The SFSG was formed on 3 April 2006, to provide assistance to the SAS and SBS on operations. This work could include diversionary tactics, protective cordons and additional fire power. Initially drawing on personnel from the Parachute Regiment, the Royal Marines and the RAF Regiment, service in the SFSG is now open to all personnel in the British armed forces who have passed the Pre-Parachute Selection Course run by either of the Parachute Regiment or the RAF, or the Royal Marines’ Commando Course.
A senior MoD source indicated that more than 100 paratroopers had taken part in the missions – in this the Parachute Regiment’s 70th anniversary year. The drops were approved after commanders in theatre highlighted the benefit of putting troops on the ground fast with the element of surprise. The soldiers carried little equipment and used low-level parachutes that allow them to jump from RAF Hercules C130 aircraft at altitudes as low as 250ft.

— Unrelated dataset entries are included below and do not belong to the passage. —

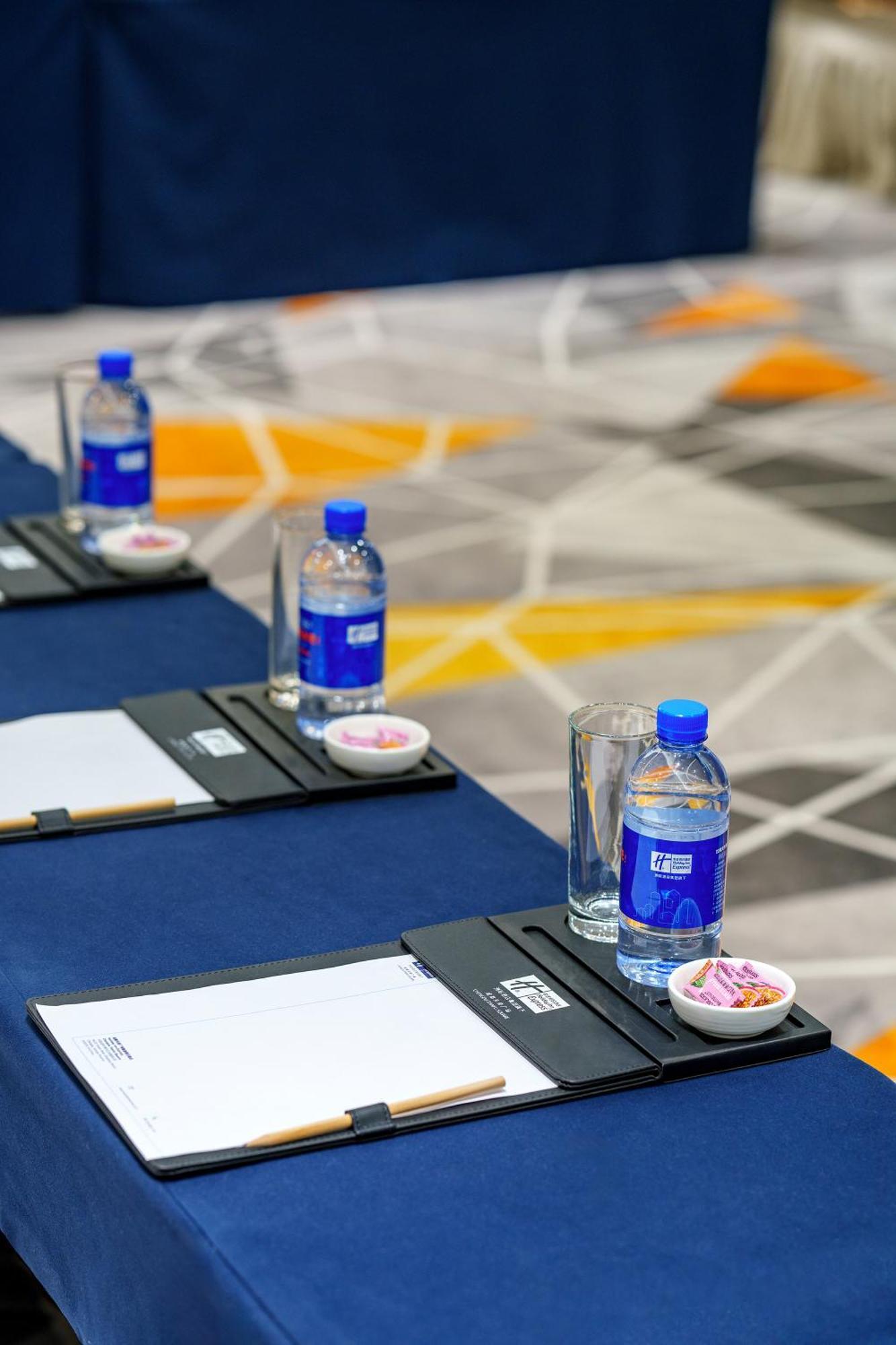 Holiday Inn Express Chengdu Tianfu Square By Ihg - Chunxi Road And Kuanzhai Alley Luaran gambar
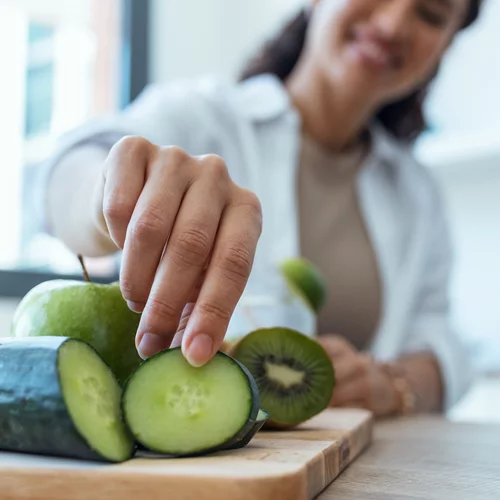 10 τροφές που σε ενυδατώνουν καλύτερα και από νερό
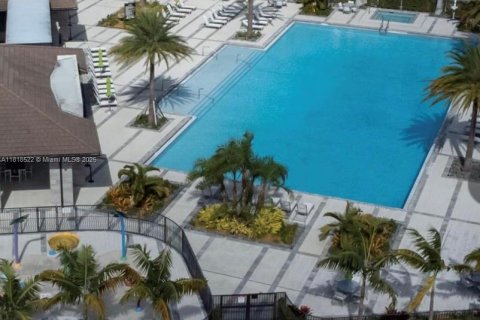 Condo in Doral, Florida, 4 bedrooms  № 1799268 - photo 1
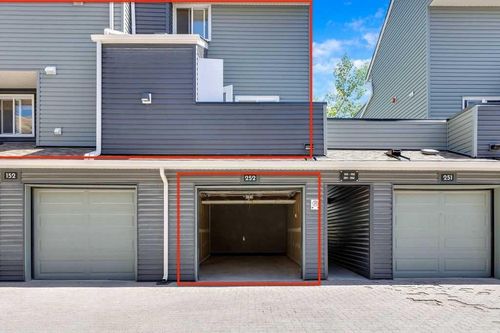 252-66 Glamis Green Sw, Calgary, AB, T3E6V1 | Card Image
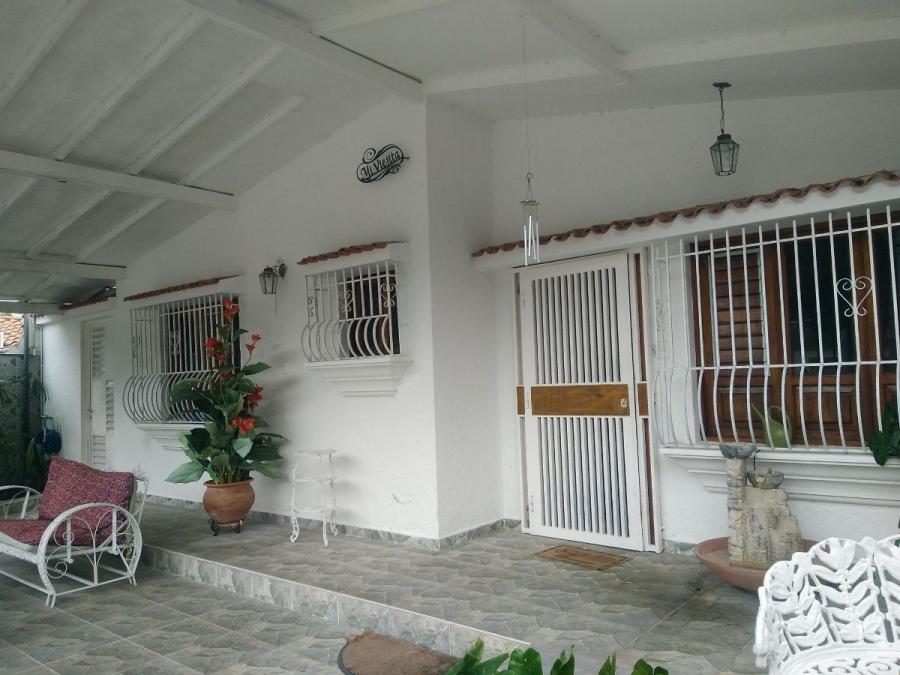 Foto Casa en Venta en San Jose, Urbanizacion Trigal Sur, Carabobo - U$D 58.000 - CAV137145 - BienesOnLine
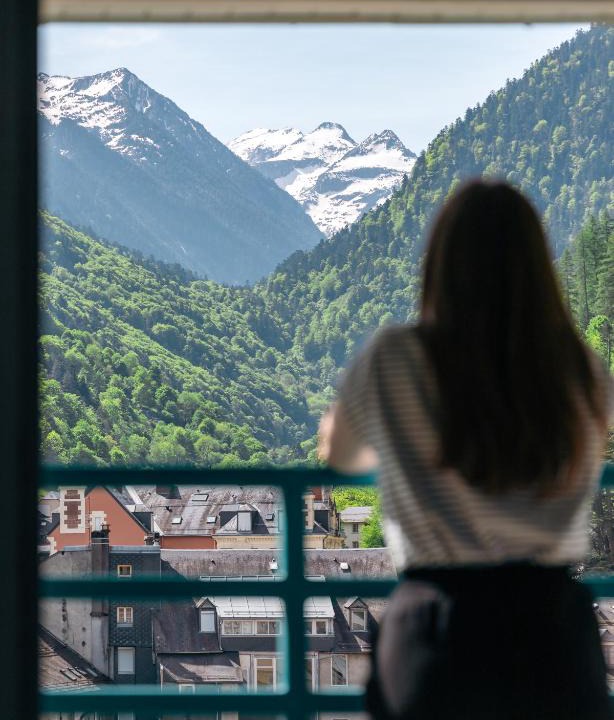 Cauterets Hotel | Hôtel Le Lys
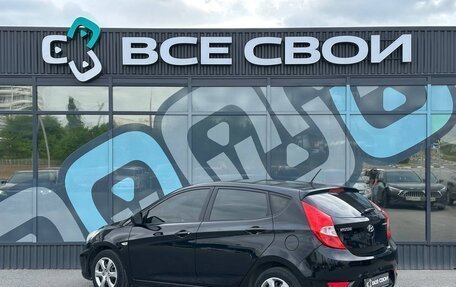 Hyundai Solaris II рестайлинг, 2013 год, 749 000 рублей, 3 фотография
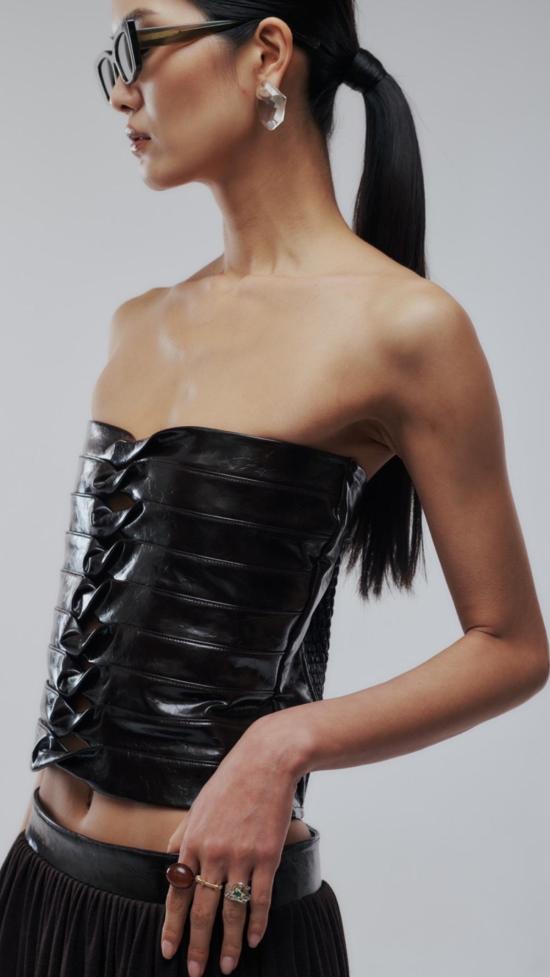  더 엔케이씨 스토어 민소매 티셔츠 NKC 스토어 메이브 코르셋 탑 - The NKC Store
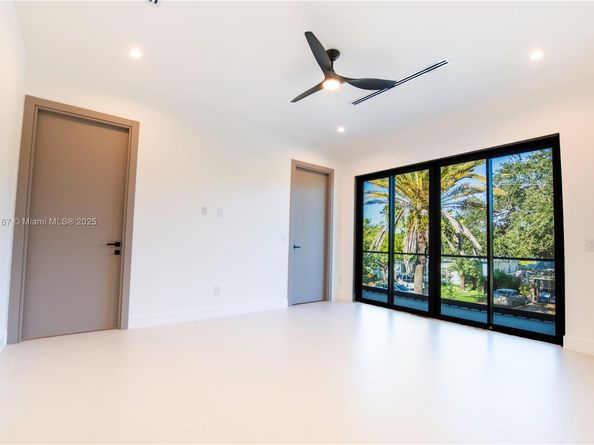531 NE 10th Ave, Fort Lauderdale FL 33301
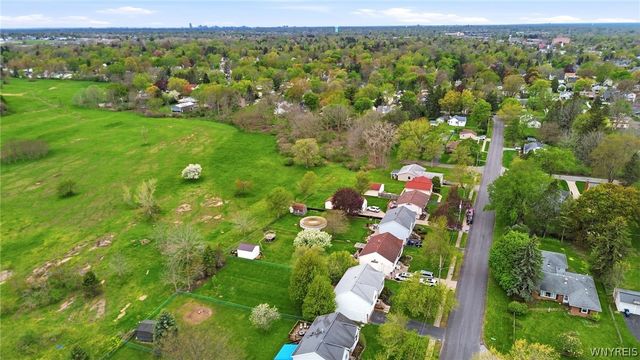 141 Lyndhurst Road, Amherst, NY 14221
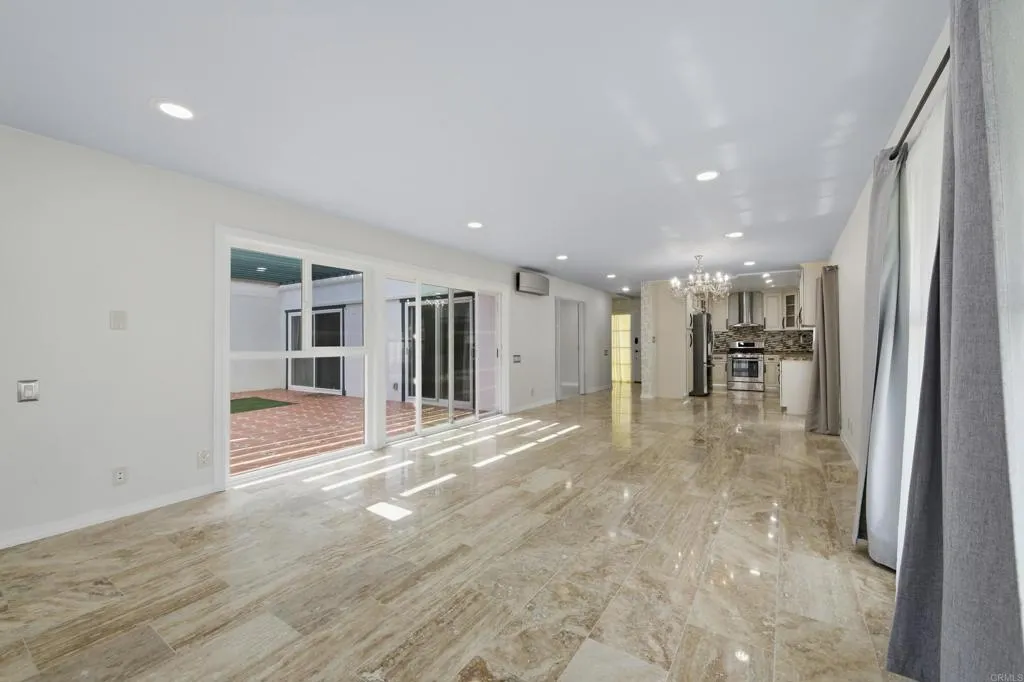 https://cdn.realtyfeed.com/cdn/127/306702832/4a8d30a547fbd02b1ead11206484ba7c.webp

“The fact that we have used the tactic [parachuting], albeit on a small basis, has demonstrated how valuable it is,” a senior source said. “We are not talking about mass drops – these are small operations with no more than a company group, going out of the door to secure ground and to attack the enemy.”
The presence of 1 PARA in Afghanistan means that all three battalions of the Parachute Regiment are currently deployed in the region. Whilst 1 PARA is operating with the SFSG, 2 PARA and 3 PARA continue to carry out standard operations in central Helmand.